In Soup a la Smurf, Gargamel lists an impressive number of dishes in which Smurfs are the main ingredients. This is one of the dishes he kept in reserve. .
- Yield: 4 Servings
- Preparation Time: 15 Minutes
- Cooking Time: 45 Minutes
- 2 lemons
- 4 chicken cutlets (you can also use leftover roast chicken)
- 5½ oz live smurfs (or 5½ oz blue candy spaghetti)
- 1 onion
- Olive oil and butter for frying
- 1 handful fresh parsley leaves
- Salt and pepper
How to Make It
- Roll the lemons back and forth several times between your palm and a tabletop, pressing down firmly. Then flay the lemons with a grater or peeler to remove the zest. Cut them in half, and squeeze to collect the juice.
- Place the chicken in a dish, sprinkle over the zest and two-thirds of the lemon juice, cover, and marinate for the time it takes to cast a spell over the Smurfs.
- Catch the Smurfs. . . . Watch out! Too late . . . Wipe away the pepper thrown into your eyes by Jokey Smurf, bandage your fingers injured by Handy Smurf’s hammer, and push Azrael out of the window, who has been watching the birds through the glass.
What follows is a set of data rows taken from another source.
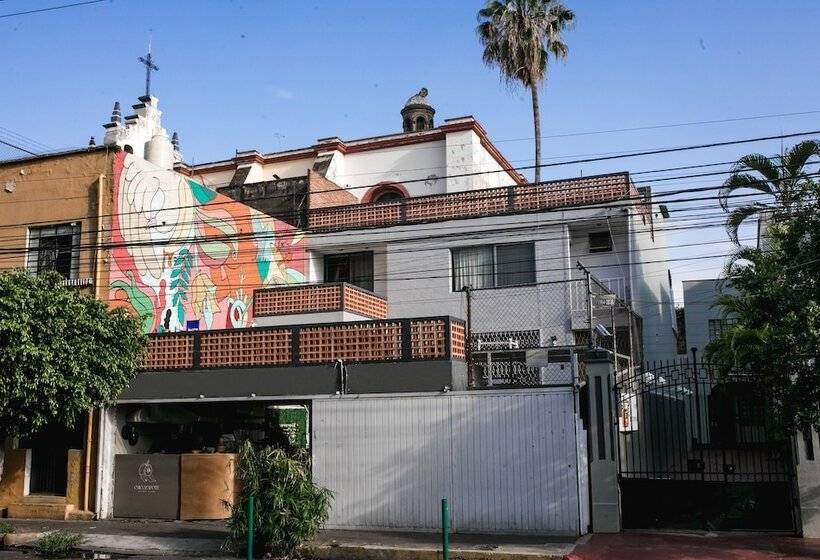 بنسيون Casa Matia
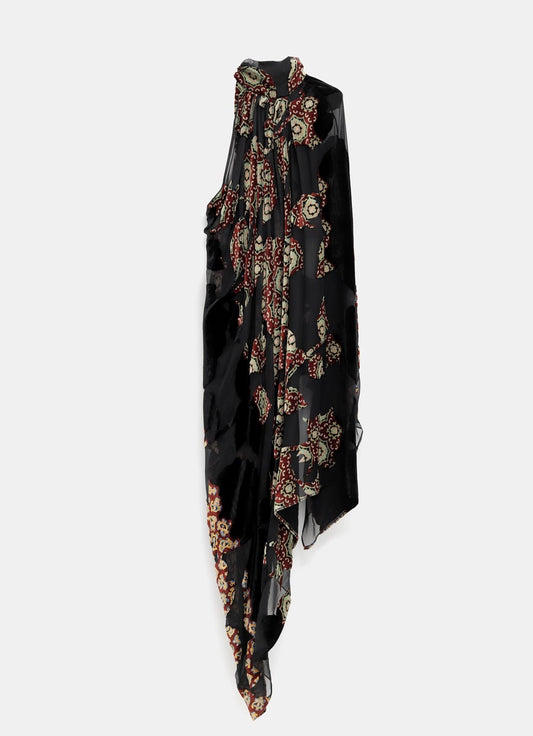 Wrap Dress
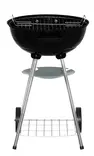 Hiiligrilli Basic 43 Mustang - Pallogrillit ja hiiligrillit - 6410413247024 - 3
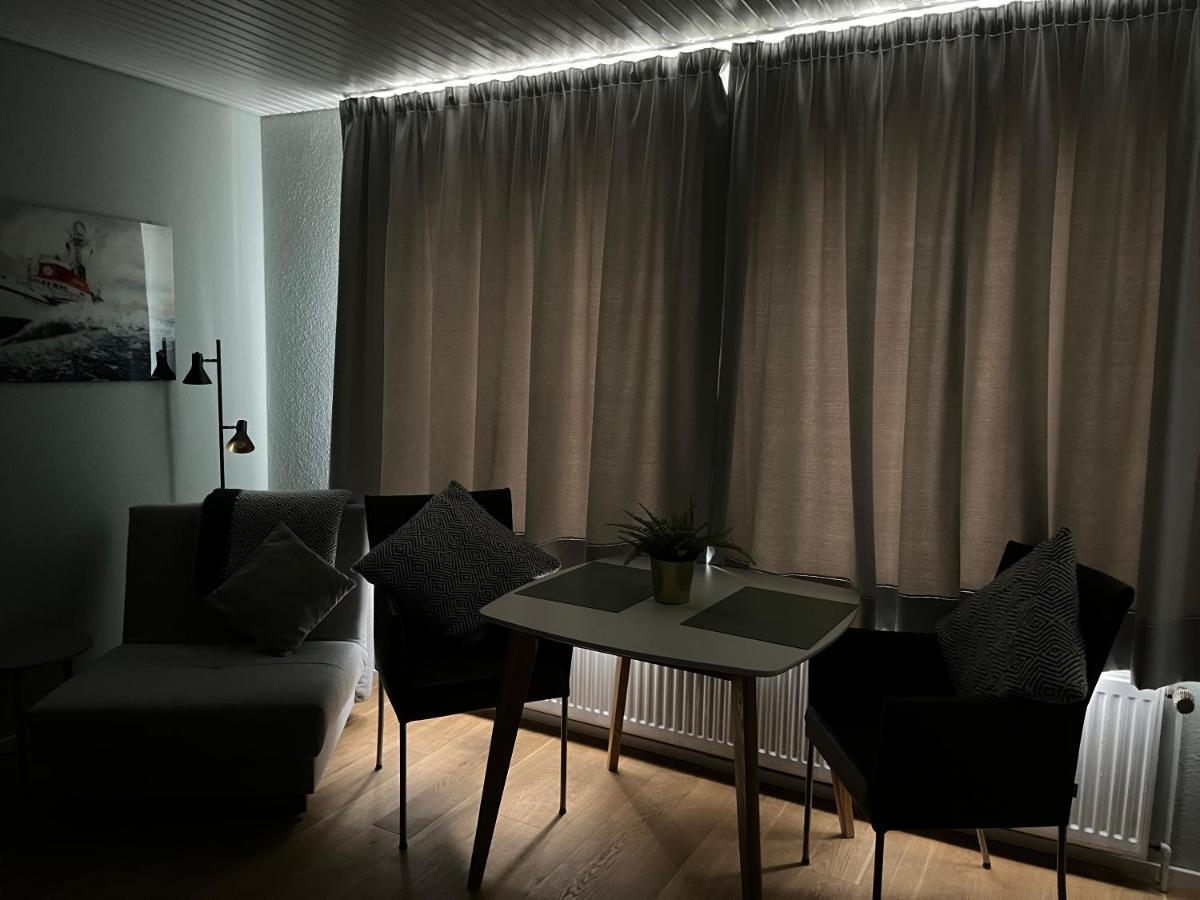 Apartment Luettje Bernstein Wangerooge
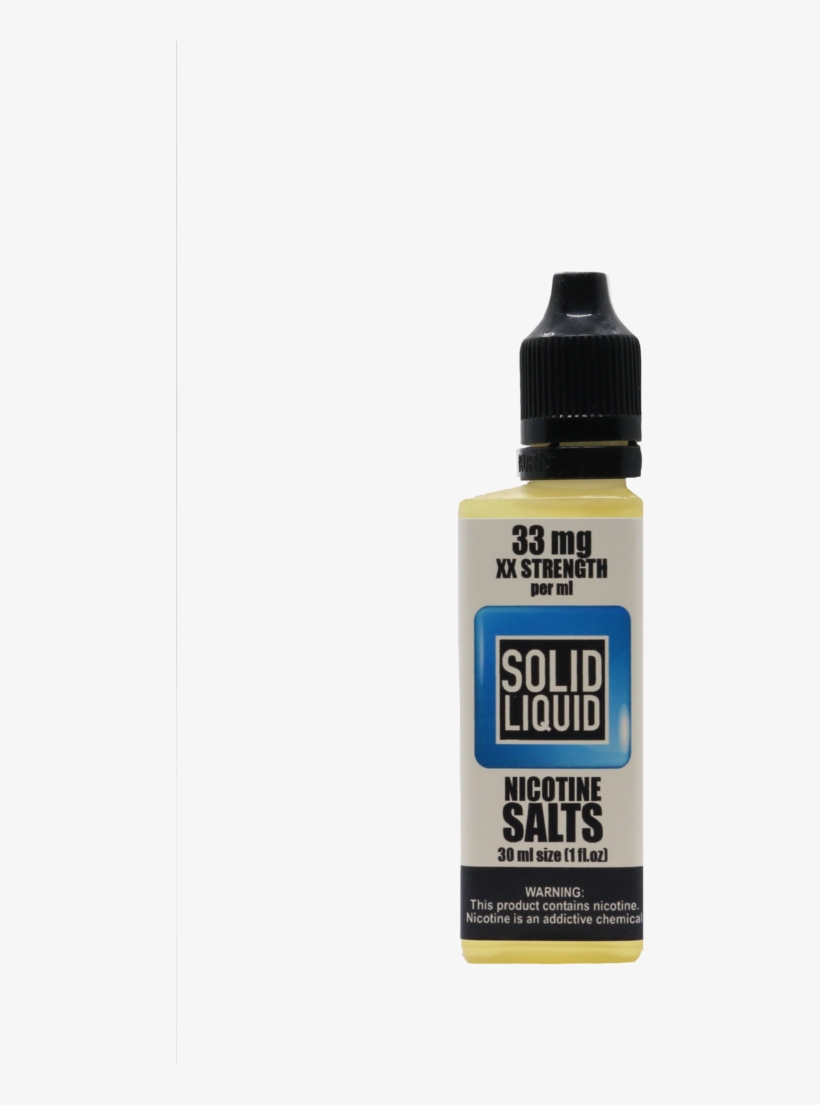 Blue Burst Salts - Salt, transparent png download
Tie up the Smurfs so they don’t escape and wash them, making sure to remove the glasses of Brainy Smurf first. Once they are tied together well, make them swallow a philosopher’s potion to turn them into spaghetti.
- Peel the onion, cut it into small pieces, and cook with the rest of the lemon juice and a small glass of water over low heat for 20 minutes, until really soft. Meanwhile, heat 1 tablespoon of olive oil and 1 tablespoon of butter in a frying pan and add the drained pieces of chicken. Cook the cutlets (about 4 minutes per side), basting them regularly. Season with salt and pepper.
- Serve the Smurf spaghetti, warmed quickly in the microwave, with the chicken and stewed onions, and sprinkled with parsley leaves. (Author’s note: no Smurfs were really harmed in the making of this recipe.)